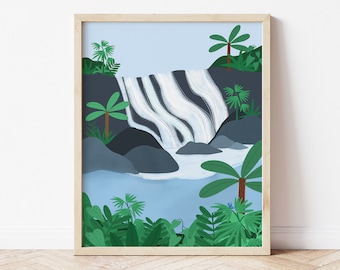 Impresión de ilustración de cascada tropical, impresión artística de cascada de la selva, arte mural de hojas tropicales, decoración con temática tropical, arte de cascada tranquila, viajes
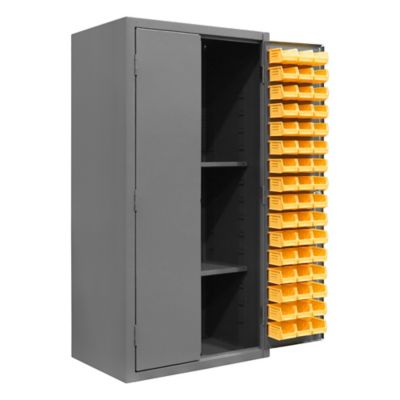 Image showing  96-Bin and 3-Shelf Steel Cabinet with Pegboard, 24 in. x 36 in. x 72 in., Yellow/Gray
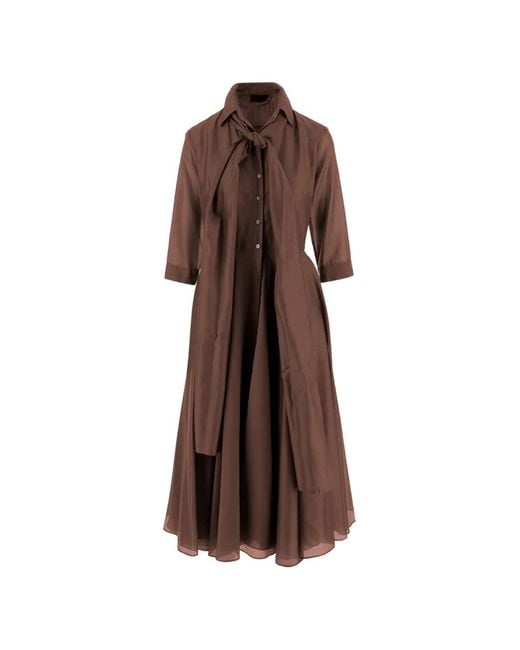 F.it Brown Tie-Fastening Long-Sleeved Midi Dress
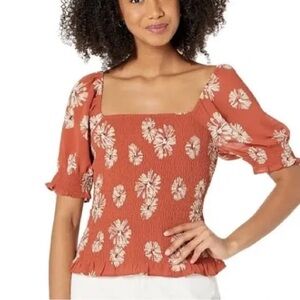 MADEWELL Puff Sleeve Floral Blouse XS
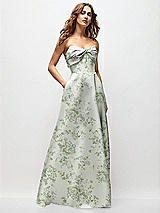 Front View Thumbnail - Sage Cottage Rose Strapless Twist Cuff Neck Floral Satin Maxi Dress with Basque-Waist & Full Skirt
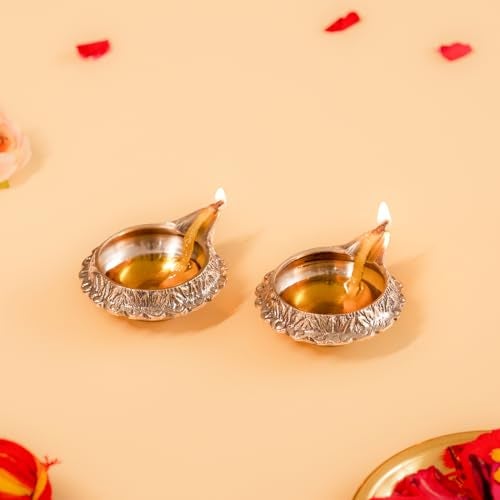 DecorTwist® Brass Diya for Puja Room Oil Lamp Kuber Diya in Gold Antique Finished Pooja Decoration Item for Home and Office Decor Brass Deepak for Pooja Diwali, Navratri Diya Gift Item Set of 2 - Image 1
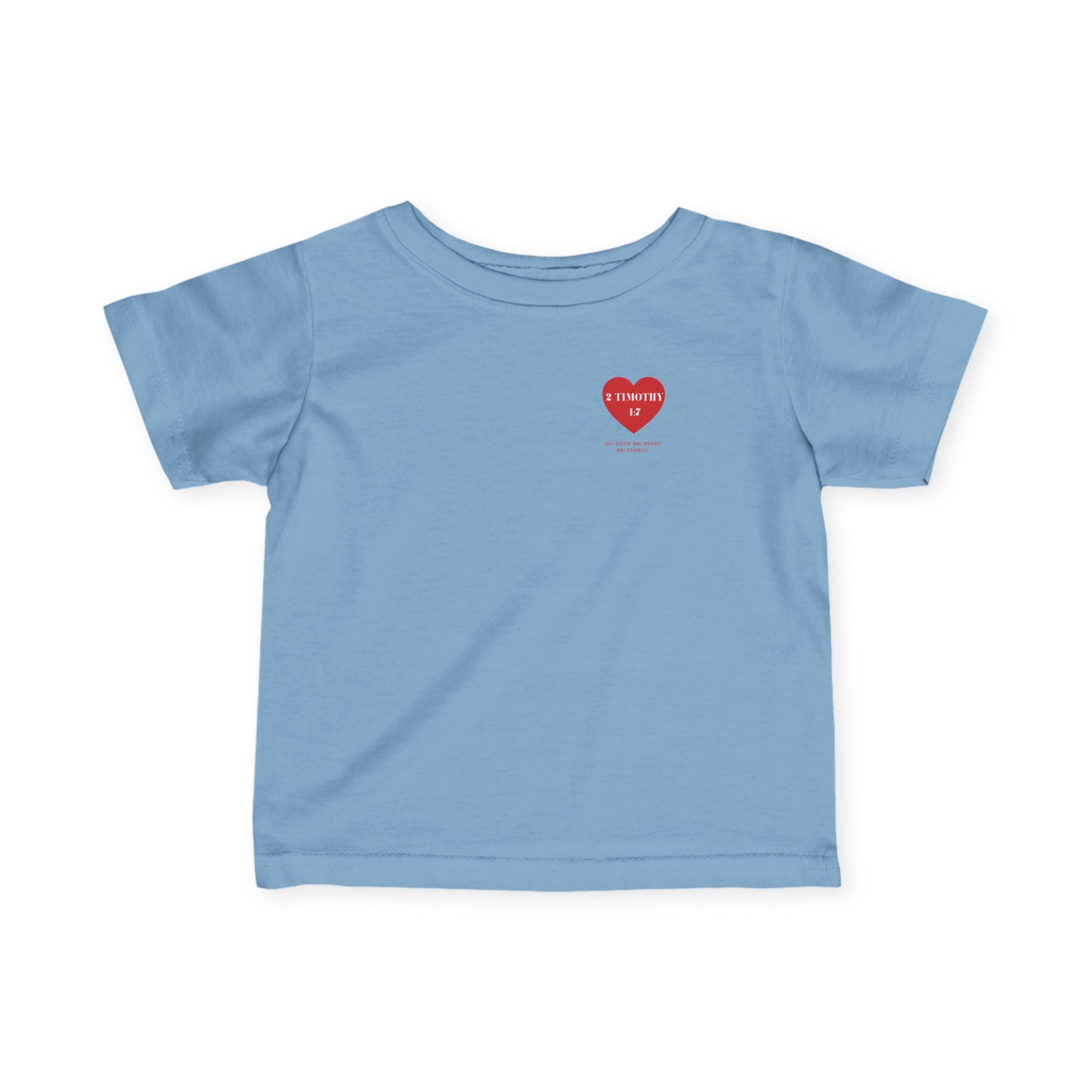 Infant Tee — Red Heart "2 Timothy 1:7" Christian Baby Shirt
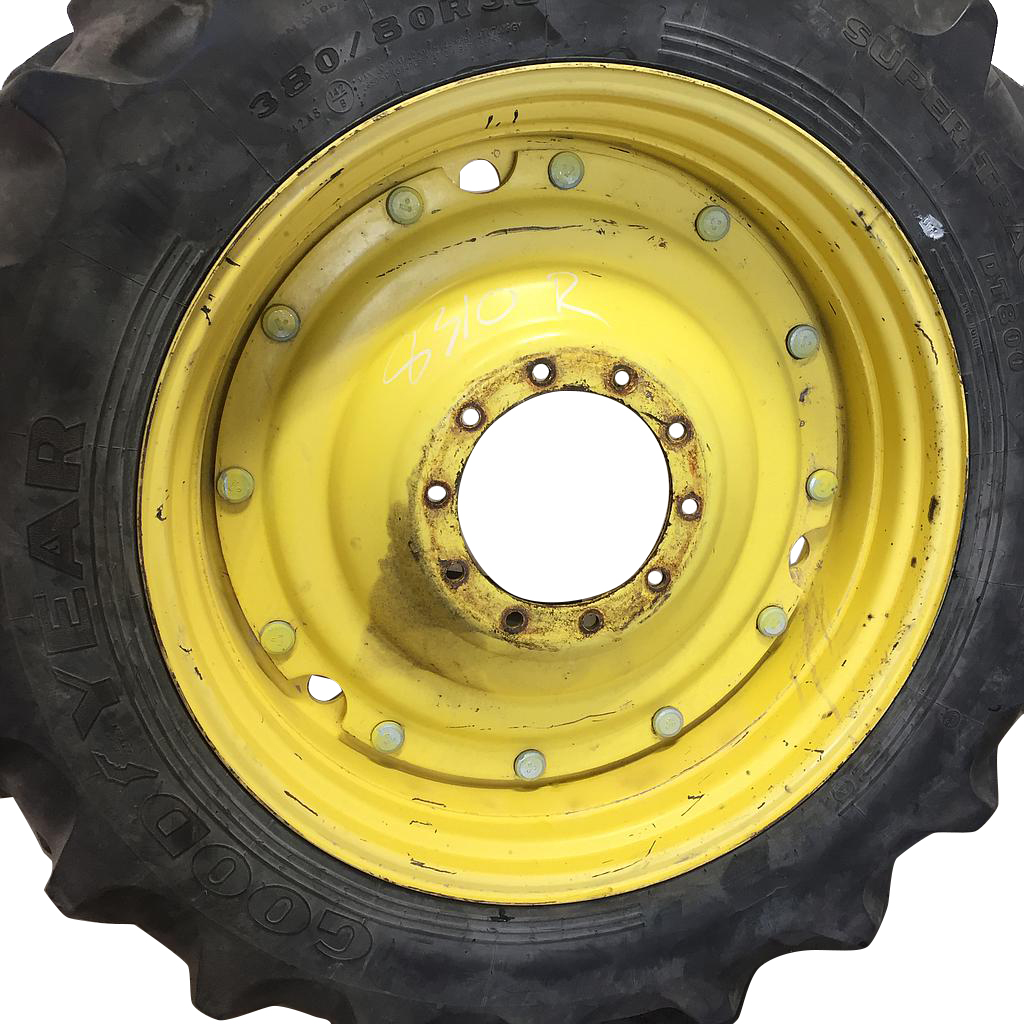 12"W x 38"D Waffle Wheel (Groups of 3 bolts) Rim with 10-Hole Center, John Deere Yellow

### Assignment
Beginning with the line that contains "MADEWELL Puff Sleeve Floral Blouse XS" and ending with the final line of the listing, return each line exactly. Omit all pictures.

### Task solution
 MADEWELL Puff Sleeve Floral Blouse XS
 Front View Thumbnail - Sage Cottage Rose Strapless Twist Cuff Neck Floral Satin Maxi Dress with Basque-Waist & Full Skirt
 DecorTwist® Brass Diya for Puja Room Oil Lamp Kuber Diya in Gold Antique Finished Pooja Decoration Item for Home and Office Decor Brass Deepak for Pooja Diwali, Navratri Diya Gift Item Set of 2 - Image 1
 Infant Tee — Red Heart "2 Timothy 1:7" Christian Baby Shirt
 12"W x 38"D Waffle Wheel (Groups of 3 bolts) Rim with 10-Hole Center, John Deere Yellow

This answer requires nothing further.